For the material below, the expected output is exactly the lines between the line holding "Kades/Lurah di Banyumas" and the line holding "Black Music Month", inclusive, with pictures left out.

Input.
··········
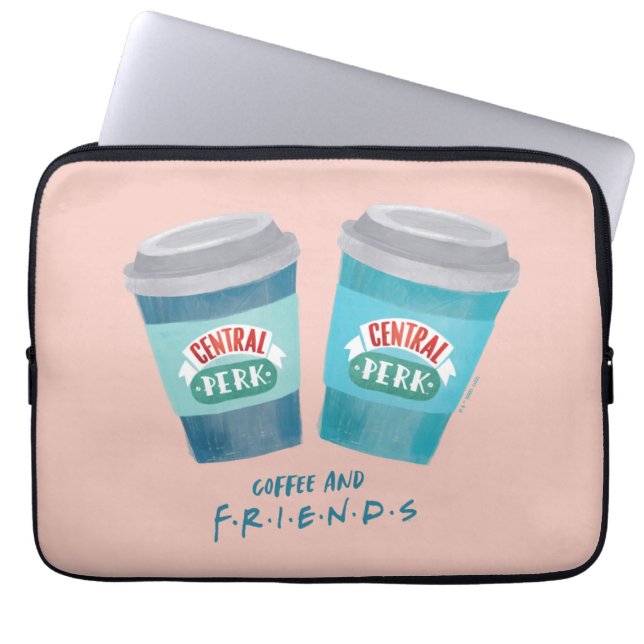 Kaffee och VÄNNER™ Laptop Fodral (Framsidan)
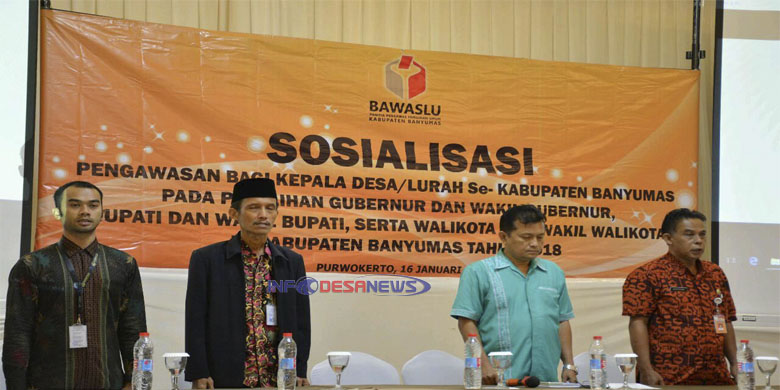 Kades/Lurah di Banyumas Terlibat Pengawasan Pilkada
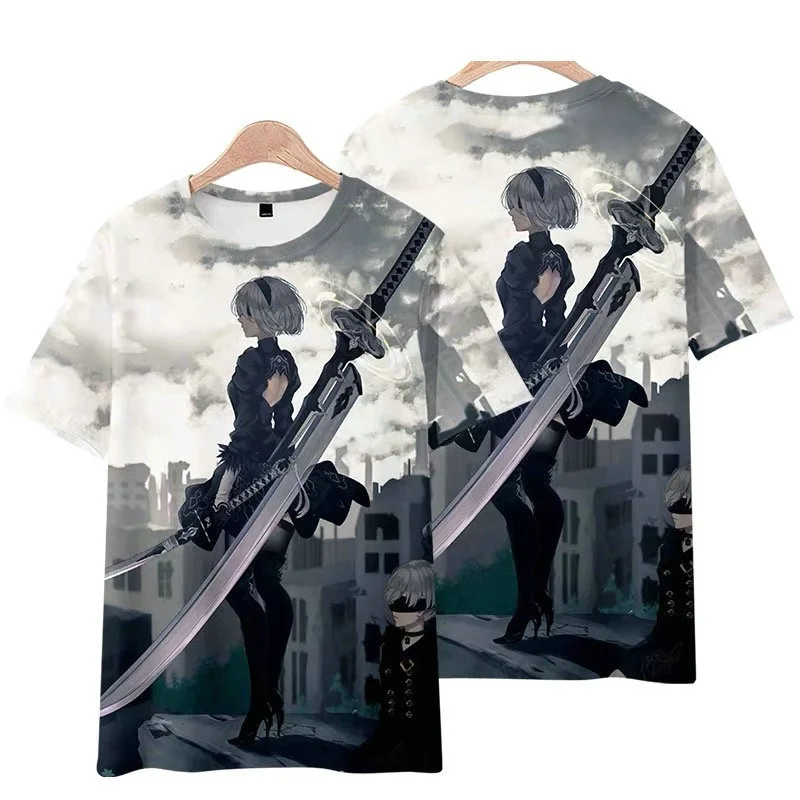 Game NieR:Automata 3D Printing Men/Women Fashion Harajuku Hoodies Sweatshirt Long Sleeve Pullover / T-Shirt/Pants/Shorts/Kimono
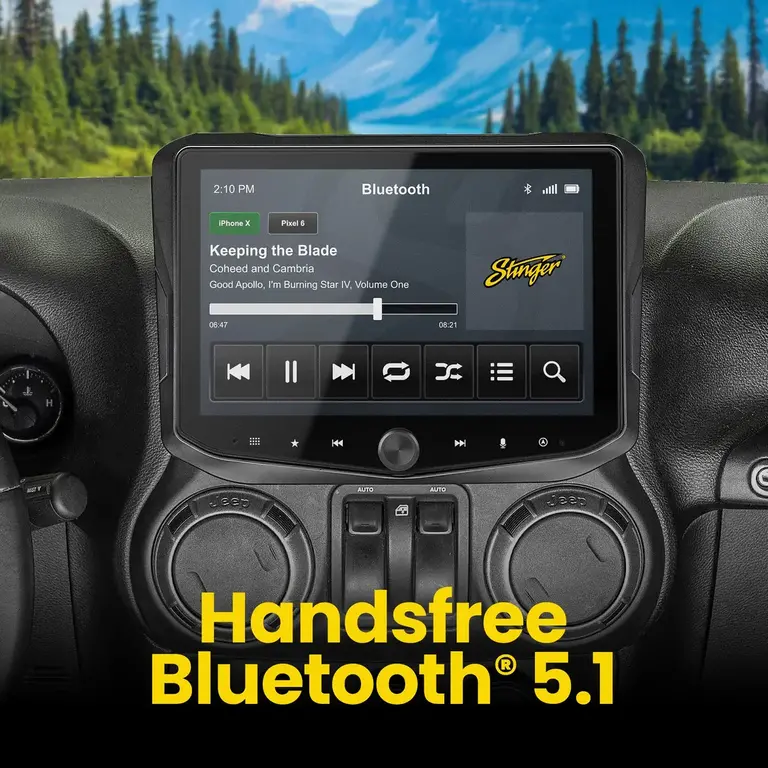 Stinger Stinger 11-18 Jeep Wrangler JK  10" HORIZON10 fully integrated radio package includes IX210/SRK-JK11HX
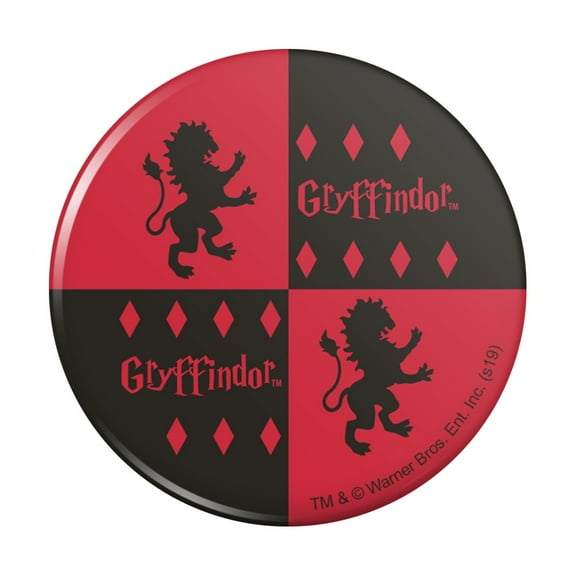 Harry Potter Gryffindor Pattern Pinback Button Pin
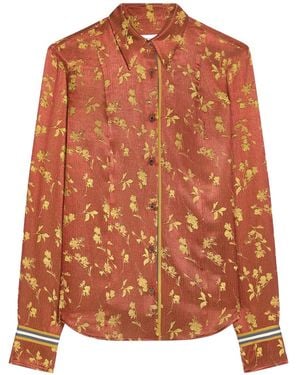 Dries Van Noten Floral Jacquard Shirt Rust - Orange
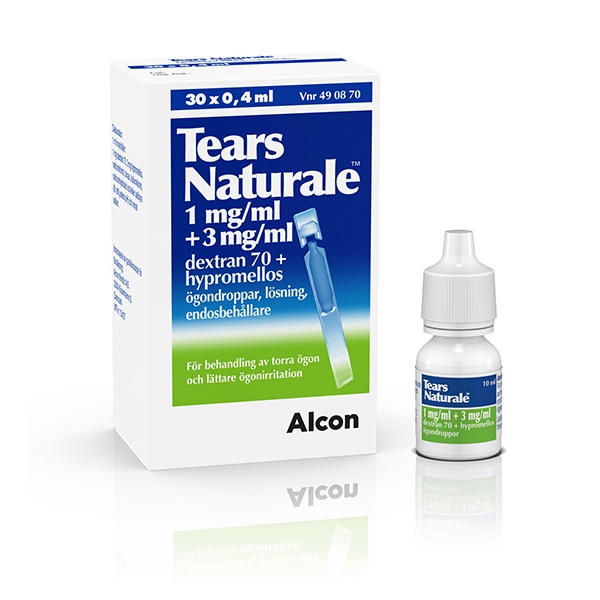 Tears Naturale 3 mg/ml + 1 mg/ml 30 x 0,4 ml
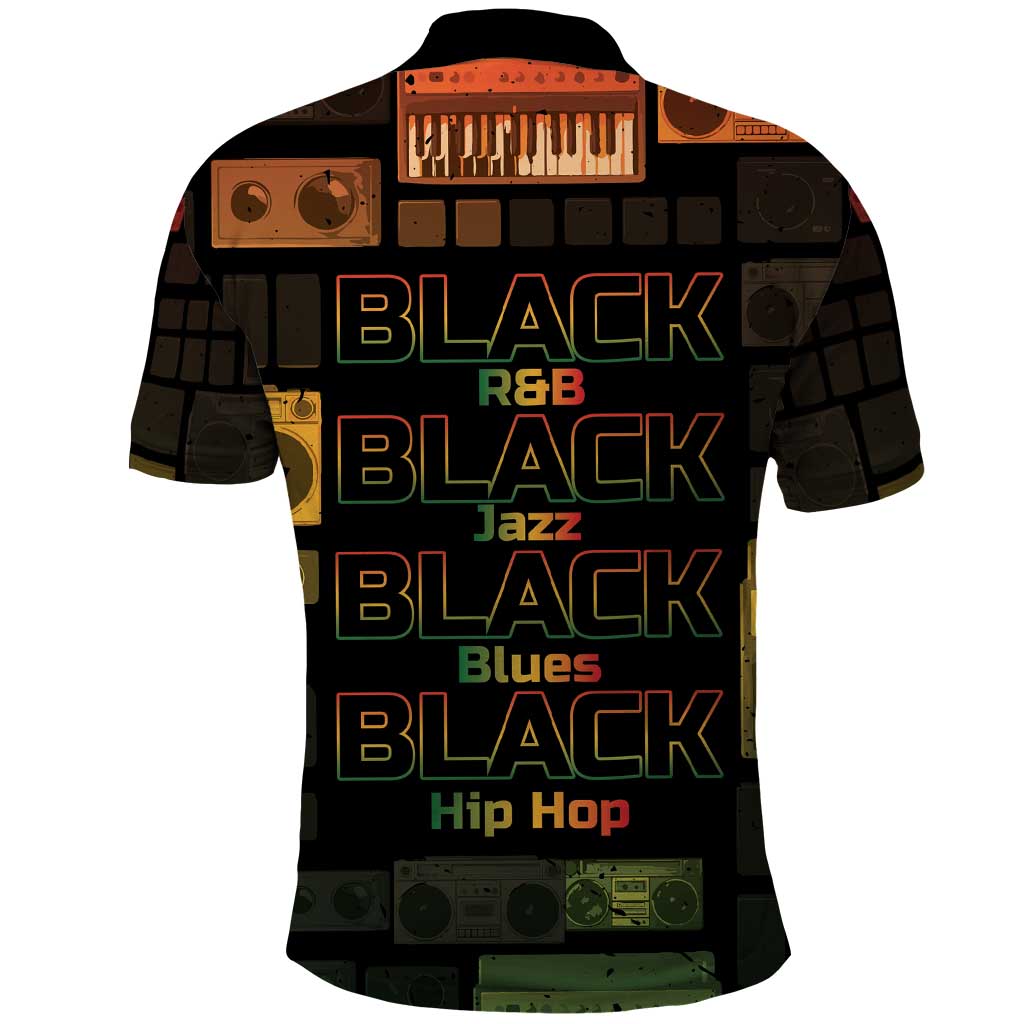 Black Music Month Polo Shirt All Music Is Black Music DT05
··········
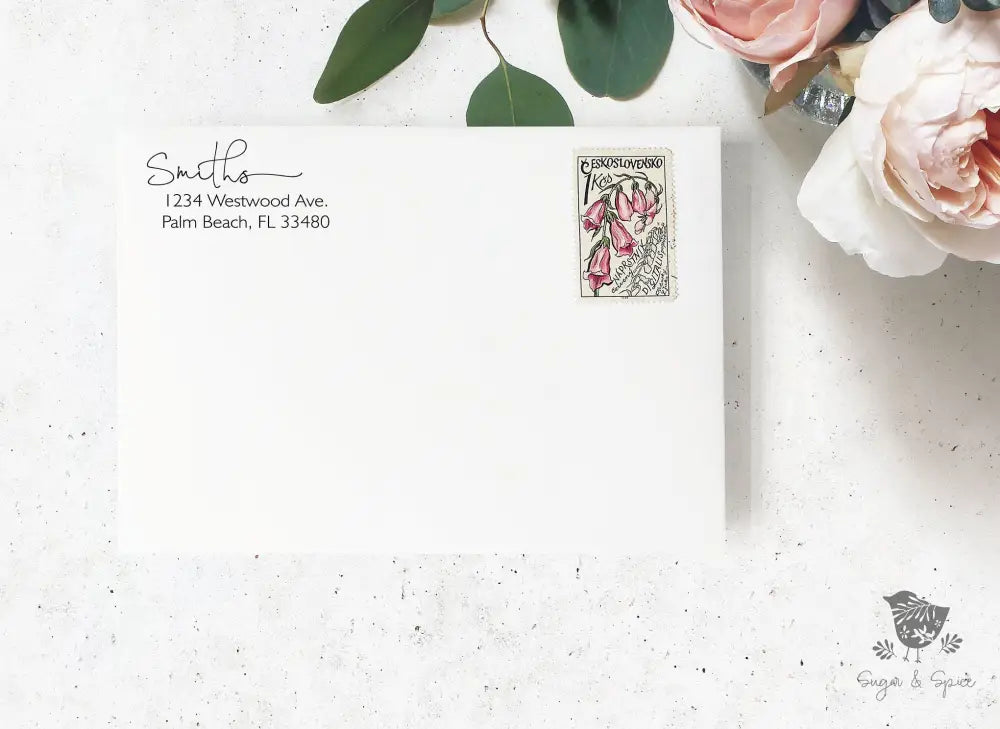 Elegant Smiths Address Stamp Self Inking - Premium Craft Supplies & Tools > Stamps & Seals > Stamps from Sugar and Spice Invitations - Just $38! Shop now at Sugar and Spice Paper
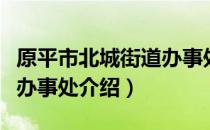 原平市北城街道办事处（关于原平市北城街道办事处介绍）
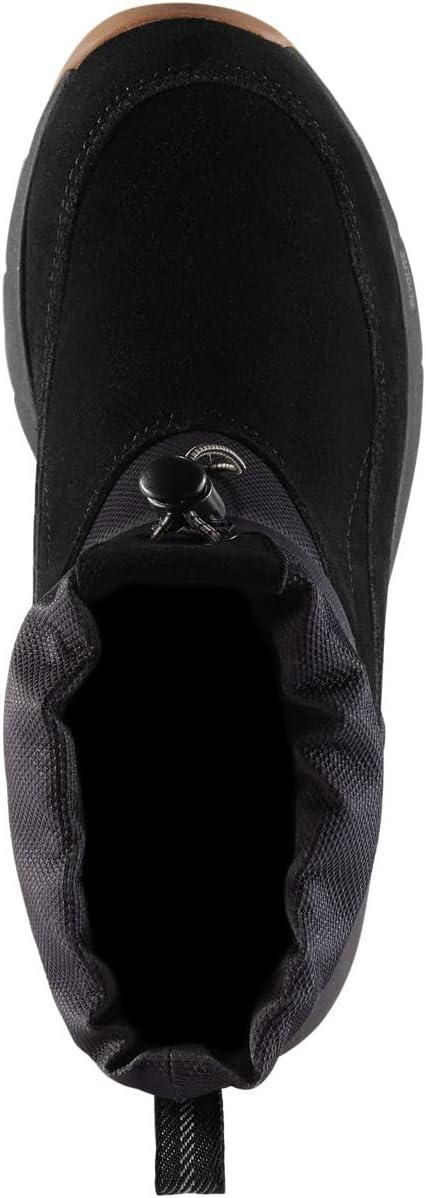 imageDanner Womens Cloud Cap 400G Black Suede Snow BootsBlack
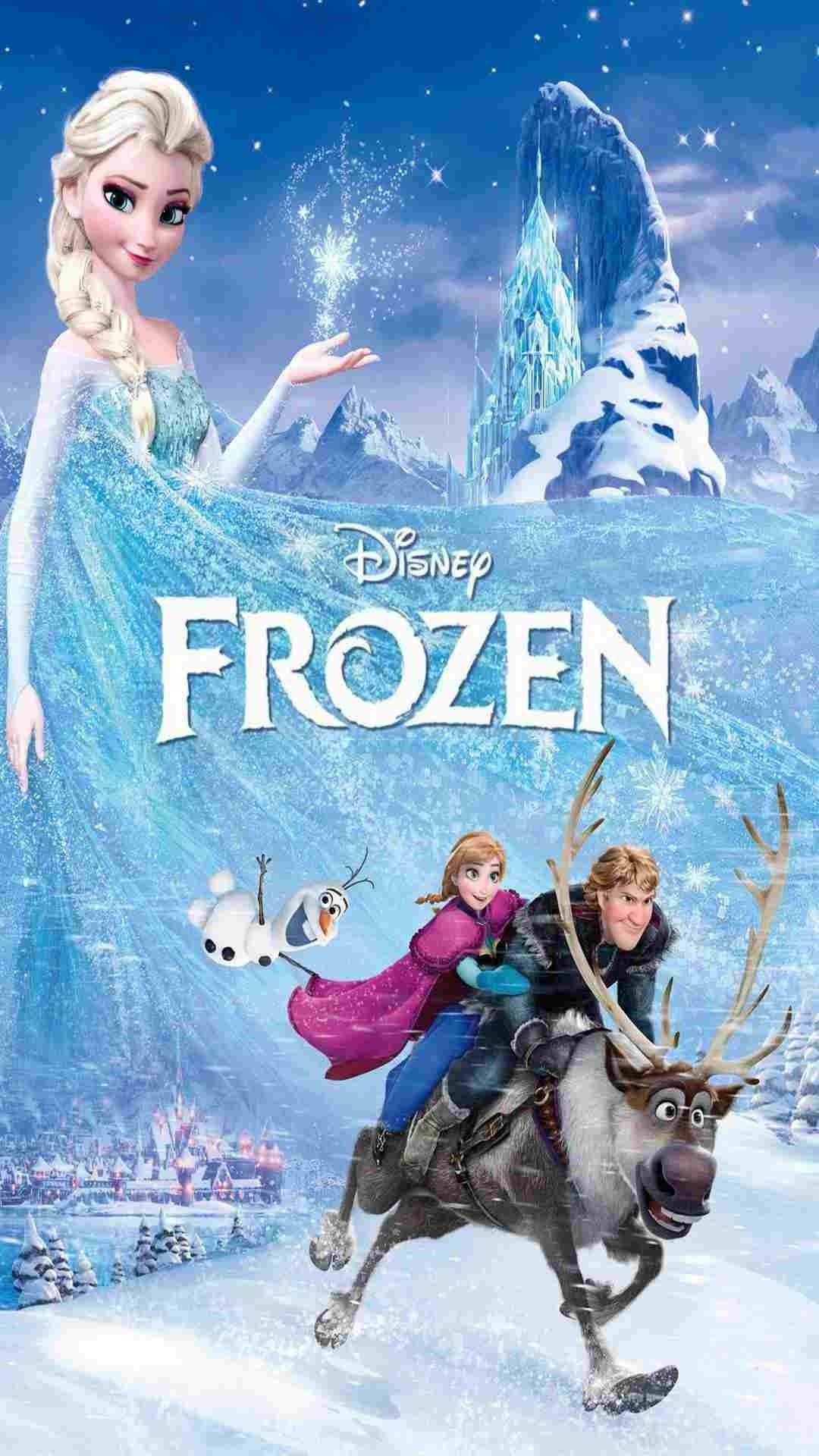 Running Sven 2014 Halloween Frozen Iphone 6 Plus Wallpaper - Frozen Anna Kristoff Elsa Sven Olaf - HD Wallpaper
··········
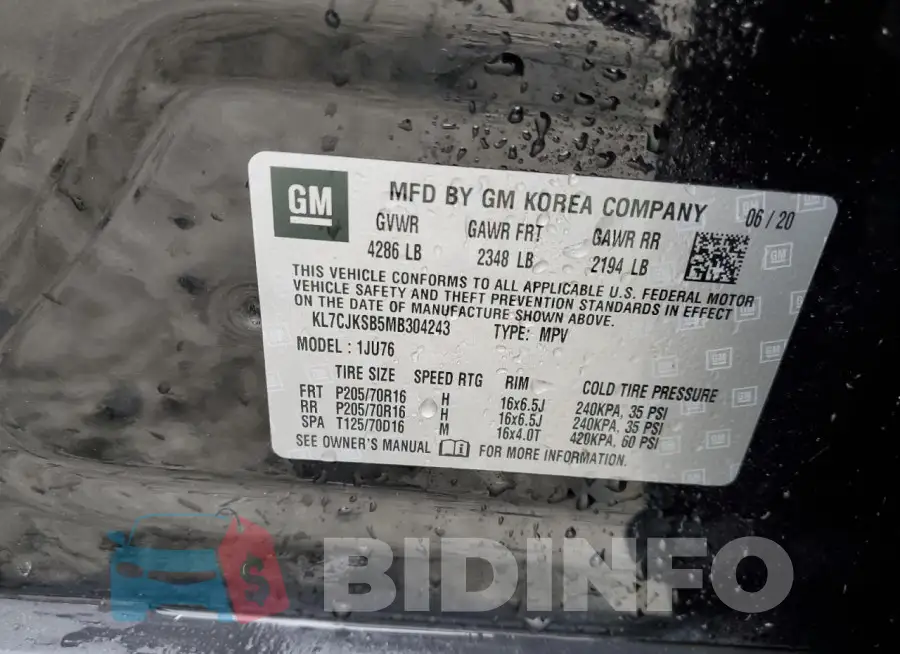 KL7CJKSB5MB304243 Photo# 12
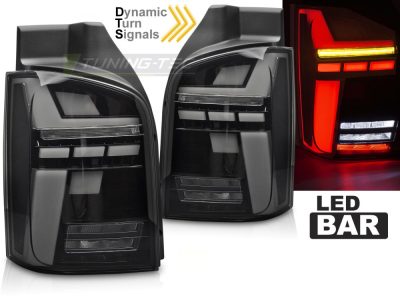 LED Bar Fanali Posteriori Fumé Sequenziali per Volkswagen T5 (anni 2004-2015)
··········
Response area.
 Kades/Lurah di Banyumas Terlibat Pengawasan Pilkada
 Game NieR:Automata 3D Printing Men/Women Fashion Harajuku Hoodies Sweatshirt Long Sleeve Pullover / T-Shirt/Pants/Shorts/Kimono
 Stinger Stinger 11-18 Jeep Wrangler JK  10" HORIZON10 fully integrated radio package includes IX210/SRK-JK11HX
 Harry Potter Gryffindor Pattern Pinback Button Pin
 Dries Van Noten Floral Jacquard Shirt Rust - Orange
 Tears Naturale 3 mg/ml + 1 mg/ml 30 x 0,4 ml
 Black Music Month Polo Shirt All Music Is Black Music DT05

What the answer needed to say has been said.